Activity time: 30 minutes
Materials for Activity
Preparation for Activity
- Review Handout 1. Make copies for participants.
- Prepare to project Leader Resources 2 and 3 or print a copy of each.
Description of Activity
Distribute Handout 1, Collaboration or Confrontation? Explain that you will shift from discussing Channing's struggle about speaking against slavery to a conflict between Theodore Parker and Channing's successor, Ezra Stiles Gannett, over the Fugitive Slave Law. Project Leader Resources 2 and 3 or pass around printed copies of the Parker and Gannet portraits. Give the group time to read the handout silently or invite two volunteers to share reading the handout aloud.
Invite participants to move into groups of three to examine the values and priorities of both Gannett and Parker. Give each small group newsprint and markers and invite them to list the values Parker and Gannett prioritized. Ask small groups to consider whether they find parts of either person's rhetoric or actions troubling. Allow ten minutes for small group work, and then invite each group to post their list.
Re-gather the large group and examine the newsprint lists together. Are there are areas of disagreement among the small groups? What were common concerns about the strategies, rhetoric, and actions of either Gannett or Parker?

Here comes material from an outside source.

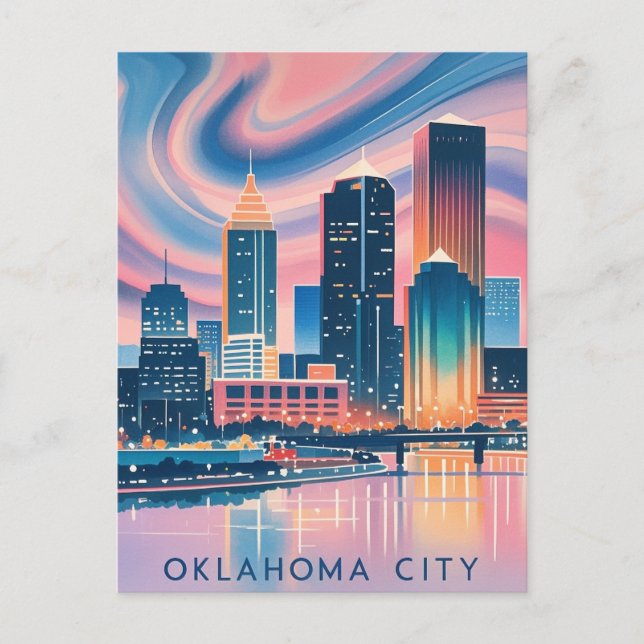 Oklahoma City water color skyline Postcard (Front)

Lead a brief, large group discussion, using these questions:
- Does it seem reasonable that Parker urged the use of violence in response to the Fugitive Slave Law?
- Today, many Unitarian Universalists are proud of Parker's involvement in the abolitionist movement, while few know much about Gannett's support of the Fugitive Slave Law or the inability of the American Unitarian Association to take a serious position in opposition to slavery. Does learning about Gannett's position change the way you think about Unitarian history?
- Did Parker represent a prophetic voice? Did Gannett represent an institutional one? Why or why not?
Conclude your discussion by inviting participants to name contemporary social justice issues that polarize Unitarian Universalists. What lessons can be drawn from Gannett and Parker's conflict?